ACTIVITY: Once the pictures are removed, restate the listing word for word.

::: SUPPLIED RECORDS

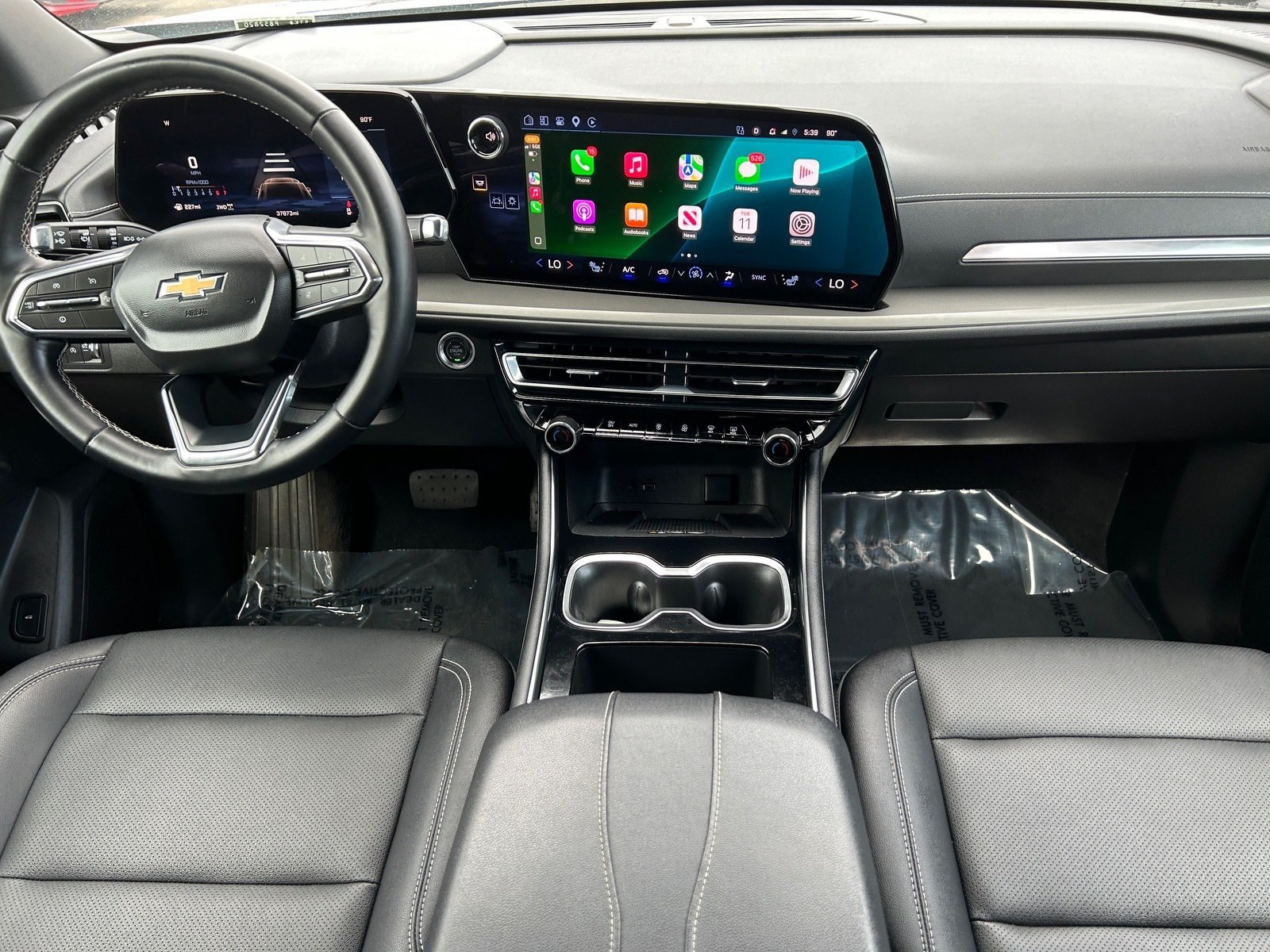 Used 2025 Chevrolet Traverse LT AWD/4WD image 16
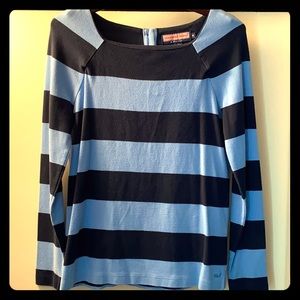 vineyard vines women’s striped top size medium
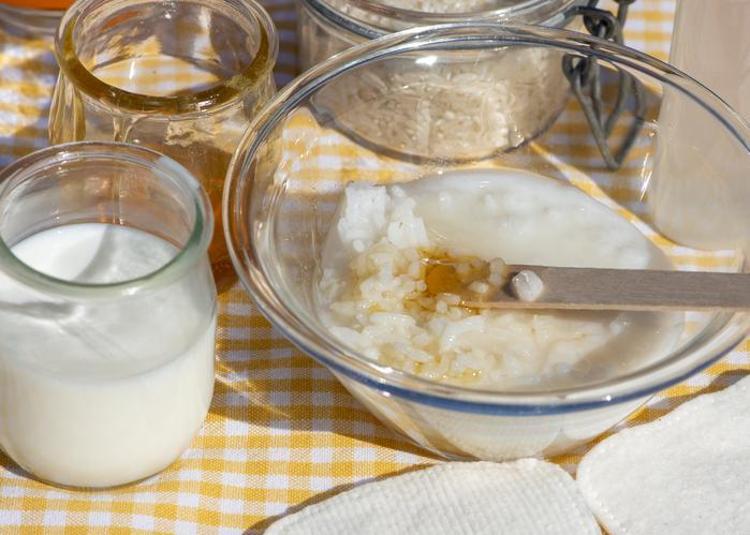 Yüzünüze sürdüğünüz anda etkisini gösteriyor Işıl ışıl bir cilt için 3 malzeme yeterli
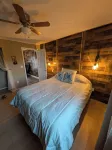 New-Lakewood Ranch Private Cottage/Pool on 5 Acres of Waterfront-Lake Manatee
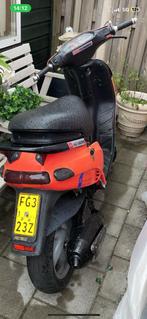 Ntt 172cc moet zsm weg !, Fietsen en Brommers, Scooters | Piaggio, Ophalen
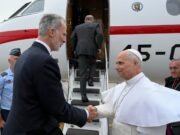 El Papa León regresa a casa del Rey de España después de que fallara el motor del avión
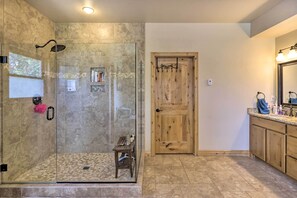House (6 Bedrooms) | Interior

::::::

SOLUTION BELOW:
 Used 2025 Chevrolet Traverse LT AWD/4WD image 16
 vineyard vines women’s striped top size medium
 Yüzünüze sürdüğünüz anda etkisini gösteriyor Işıl ışıl bir cilt için 3 malzeme yeterli
 New-Lakewood Ranch Private Cottage/Pool on 5 Acres of Waterfront-Lake Manatee
 Ntt 172cc moet zsm weg !, Fietsen en Brommers, Scooters | Piaggio, Ophalen
 El Papa León regresa a casa del Rey de España después de que fallara el motor del avión
House (6 Bedrooms) | Interior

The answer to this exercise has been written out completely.